Five Steps Towards Being a Better Dad
The role of the father in the life of his child is paramount. The Qur’an likeness this relationship to that of the Sun. Allah says, “I saw in my dream 11 stars and the Sun and the Moon prostrating towards me.” It is well known that the 11 stars represented the brothers of Yusuf (as). However, according to Al-Tabari, the Sun represents the father.
Fatherhood is a great honor representing ones ability to pass on the Prophetic legacy to his offspring. However, in many communities fathers are AWOL? Young boys and girls are left alone replacing the important guidance and teachings that a father provides with DVD’s, video games, DSL and television. Here are 5 important steps that, inshallah, will help us actualize fatherhood, lead our families and fulfill the command of Allah, “Oh you who believe, protect yourself and your families from the fire of Hell.”
1. Passionately love your wife
The Prophet (sa) said about Aiesha, “I love this woman.” When asked, “Who is the most beloved person to you?” The Prophet (sa) responded, “Aiesha (ra).” The Prophet (sa) said, “If you love someone for the sake of Allah, then you should tell them.” The Prophet (sa) once said to Mu’ath, “I swear by Allah that I love you.” The Prophet (sa) informed us that Allah (swt) will say on the last day, “Where are those who’ve loved each other for my sake?”
Loving one’s wife is extremely important. Once a sister (may Allah bless her and her family) told me, “If I could choose any man in the world to marry he must be like my father.” Once a small girl started yelling at her younger sibling and suddenly her mother asked, “Why do you talk to him like that?” she responded, “Because this is how you and baba talk with each other.”

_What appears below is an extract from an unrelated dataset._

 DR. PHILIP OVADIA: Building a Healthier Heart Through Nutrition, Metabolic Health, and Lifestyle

As men we set an important precedent in the home. By loving our wives and treating them with compassion and mercy, inshallah, those qualities will fall into the hearts of our children. It is well known that children of abusers have a great potential to abuse. The child is a reflection of the parental shadow. Mercy towards women and represents a baton passed from father to son.
A) Make sure before you leave the house to tell your wife you care for her
B ) Continue to buy gifts for her even after the honey-moon is over
C) Give her your time and organize, at least, a night a week to take her out alone and show her that you care.

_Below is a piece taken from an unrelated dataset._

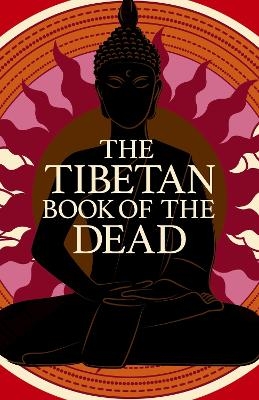 The Tibetan Book of the Dead -  Padmasambhava, John Baldock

D) Talk to your wife with care and love. Avoid using harsh words and tones.
2. Be a man of integrity–or your words will fall on deaf ears
It is said that a man’s worth is found in his words. The Prophet (sa) was asked if a Muslim could be miserly and he said. “Yes.” He was asked if a Muslim could be a liar and he said “No.” Allah commands us, “Oh you who believe why do you say what you don’t do? The most disliked thing to Allah is that you say what you don’t do.” Allah says, “Do you order others to do well and forget to practice yourself.”
Fathers, do you keep your appointments and promises with your children? Do you exercise as much effort to be with them as, say, with your friends or business appointments? Once a parent was asked to introduce himself to his son’s classmates, After listing his accomplishment the son said, “You know, those things are nice, but they don’t mean anything to me. What means the most to me is that my dad is in private what you see in public.”

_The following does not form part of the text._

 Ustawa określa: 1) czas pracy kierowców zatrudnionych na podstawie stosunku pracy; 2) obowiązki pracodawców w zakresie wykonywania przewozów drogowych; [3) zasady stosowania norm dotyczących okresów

This really applies to the people involved in Islamic Work and the Masjid. Are we the same behind close doors as we are in public? What type of image is developing in-front of our children? It is important to have one face as best we can. Nothing shatters the heart of a child then parental inconsistencies. Let us keep our promises and stick to a positive behavior pattern at all time. The Prophet (sa) said, “Fear Allah where ever you are.” He didn’t say, “In the Masjid.” Nor did he say, “In front of the brothers.” But he (sa) said, “Wherever you are.”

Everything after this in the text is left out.